The concept of a ‘fittest’ creature is a man made concept that usually means Man himself and is not a concept that Nature recognises. What you find in Nature is harmony between hunter and prey and co operation within species. That would make a truer and a better model for Man than ‘survival of the fittest’.

Dutchess_III's avatar

There is no more “cooperation” between species than that displayed by man toward other species. Hundreds of examples of that. Saving stranded whales and dolphins is one example. Saving animals, such as wolves and tigers, that would be considered natural enemies in nature is another.
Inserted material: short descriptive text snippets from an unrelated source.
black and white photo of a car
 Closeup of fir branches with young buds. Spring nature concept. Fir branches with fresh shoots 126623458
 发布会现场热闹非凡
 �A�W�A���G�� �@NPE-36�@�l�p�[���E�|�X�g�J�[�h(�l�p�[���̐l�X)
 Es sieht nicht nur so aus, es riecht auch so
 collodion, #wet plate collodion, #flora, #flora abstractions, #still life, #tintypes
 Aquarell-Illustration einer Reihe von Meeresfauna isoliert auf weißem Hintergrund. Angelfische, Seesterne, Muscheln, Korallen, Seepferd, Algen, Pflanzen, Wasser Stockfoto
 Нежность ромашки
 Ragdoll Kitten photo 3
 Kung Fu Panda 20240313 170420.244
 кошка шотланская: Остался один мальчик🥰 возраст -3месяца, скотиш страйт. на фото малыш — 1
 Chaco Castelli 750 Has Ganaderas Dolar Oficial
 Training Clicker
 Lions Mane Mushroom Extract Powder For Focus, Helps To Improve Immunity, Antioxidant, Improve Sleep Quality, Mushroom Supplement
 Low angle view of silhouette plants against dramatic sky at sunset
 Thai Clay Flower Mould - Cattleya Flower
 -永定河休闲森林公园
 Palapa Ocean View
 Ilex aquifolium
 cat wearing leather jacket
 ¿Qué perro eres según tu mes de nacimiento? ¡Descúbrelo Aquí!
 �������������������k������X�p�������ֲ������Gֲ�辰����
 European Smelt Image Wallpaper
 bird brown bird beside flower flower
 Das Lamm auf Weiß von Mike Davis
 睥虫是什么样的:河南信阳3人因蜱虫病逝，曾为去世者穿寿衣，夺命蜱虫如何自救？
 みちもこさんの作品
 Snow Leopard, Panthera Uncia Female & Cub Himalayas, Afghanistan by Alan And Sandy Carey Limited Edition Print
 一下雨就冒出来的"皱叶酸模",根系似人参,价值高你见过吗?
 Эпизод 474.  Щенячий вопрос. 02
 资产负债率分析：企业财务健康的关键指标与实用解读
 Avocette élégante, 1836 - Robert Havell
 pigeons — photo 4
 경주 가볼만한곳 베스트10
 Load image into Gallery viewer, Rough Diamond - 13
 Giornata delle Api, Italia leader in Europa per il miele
Other species cooperate at times, but not to the extend that man does.

Skaggfacemutt's avatar

Wow, I just read (or tried to read) the Wikipedia article that @glacial posted above. Leave it to the scientists to take a simple concept and make it as insanely complicated as possible. Scientists continually try to weigh, measure, and define things that are not weighable, measurable or definable, such as survival of the fittest. According to the scientific definition,the ability to pop out babies just like themselves is the only yardstick to fitness. According to science, housecats would never have a better chance of survival than lions, but science doesn’t take into consideration the tendency of humans to kill lions and pamper housecats. Who would think that a mouse would have a better chance of survival than a t-rex. The t-rex spent millions of years adapting to it’s environment and was a survival machine – but then the environment suddenly changed, and the t-rex was too specialized to survive. Their adaptations are what did them in – a need for massive caloric intake and tons of oxygen-rich air to support their massive size.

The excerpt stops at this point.